Now it’s time for the museum, currently housed in the former New Synagogue. The Museum of the History and Culture of Harbin Jews (admission 25 yuan, about $3.50) is at 162 Jingwei Street, just off Harbin’s central pedestrian mall and a block from the Holiday Inn. The exhibition is in the largest synagogue, or former synagogue, in China and, following its renovation in 2004 by the municipality, the edifice remains a handsome and well-maintained affair with a soaring dome and colonnade. Its three floors of exhibits are well presented.

But although Ben-Canaan participated in the planning and cataloging and says he supplied about 80 percent of the museum’s photographs, he has his quibbles. One, he says, is an overemphasis on the Betar movement at the expense of Hashomer Hatzair, which he attributes to the influence of the Olmert family and of Teddy Kaufman of the Landsmannschaft group in Israel (such political carping is characteristically Israeli). Another complaint is the repeated theme of Harbin as a glorious welcoming refuge for Jews, which the historian attributes to the Chinese Communist Party. “You must understand,” he mutters, “everything here is done for propaganda purposes. Everything in China is political.”

Still, the exhibits are lavish, from the reconstruction of Jewish cemetery plots, complete with what appear to be real birch trees, to the recreations of Jewish households in Harbin’s past. Yet the pure-white mannequins in these tableaus – a businessman at his desk, a mother and child at a piano lesson, children playing with blocks – are spectral and spooky and serve to reinforce the melancholy I can’t shake in Harbin. The only other museum patrons who appear during my visit are two Chinese teenagers who are touring the city and “just happened to wander in.”

Ben-Canaan and I finish the day with a visit to his Sino-Israel Research and Study Center at Harbin’s Heilongjiang University. The university is a virtual city within a city, with 70,000 students and about half that number again in faculty, staff and service personnel. Begun in the 1940s, the campus was built in the Stalinesque style of the university that perches up in the Moscow Hills. Heilongjiang University does have some sparkling new buildings, but the endless avenues of rather shabby student housing blocs are depressing. Ben-Canaan’s offices are on the fifth floor of a nine-story Soviet-style building with no elevator and with the Office of Party Discipline just down the hall. “Every university department has one,” Ben-Canaan says in reply to my query.
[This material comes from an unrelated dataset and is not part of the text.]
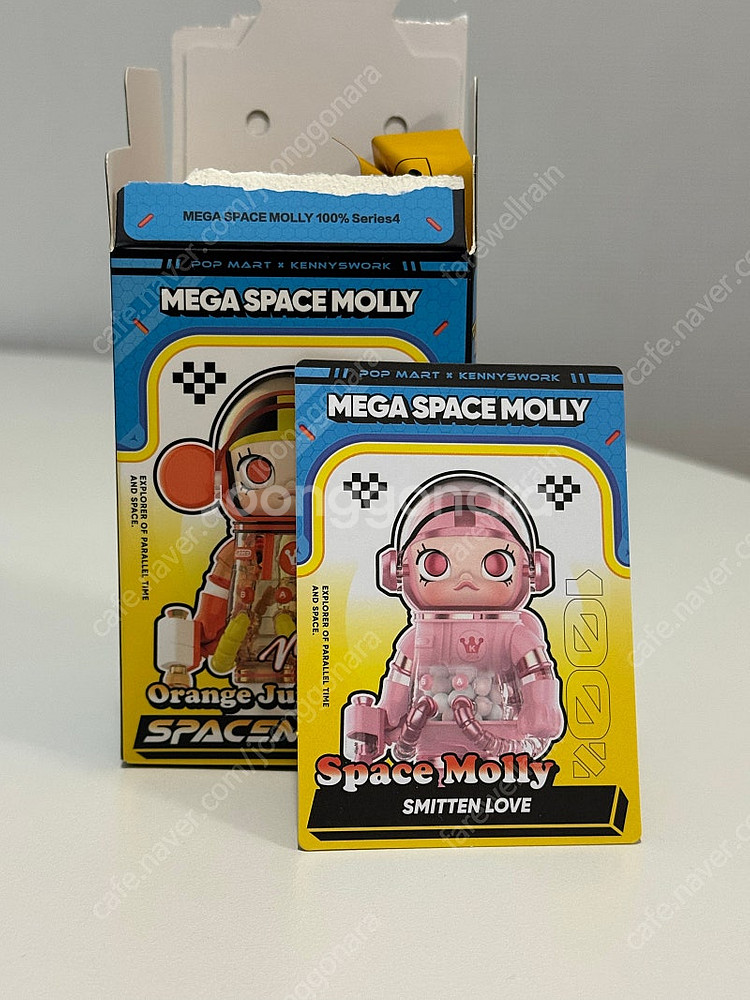 팝마트 몰리 스페이스4--0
In his office, Ben-Canaan introduces me to several of his students and research assistants, who among other things handle inquiries from Jews around the world seeking information about possible Harbin connections. He also discusses Jewish Harbin projects he is carrying out with scholars in Toronto and Heidelberg and the colloquia he sponsored with scholars from Bar-Ilan University and the Hebrew University. Lastly, Ben-Canaan shows me samples of the correspondence and documentation he constantly receives in the mail.

“People everywhere,” he says with weary happiness, “in the US, in Australia, in Israel, are forever coming up with old diaries and letters and memoirs written by relatives who lived in Harbin. They’re in Yiddish or Russian or some other language. People don’t know what to do with them. But fortunately they’ve learned to send them to me. I think they’re absolute treasures.

“The documentation grows. The facts get filled in. The history gets written.”

The history of a short-lived, far-flung Jewish community – writ in water.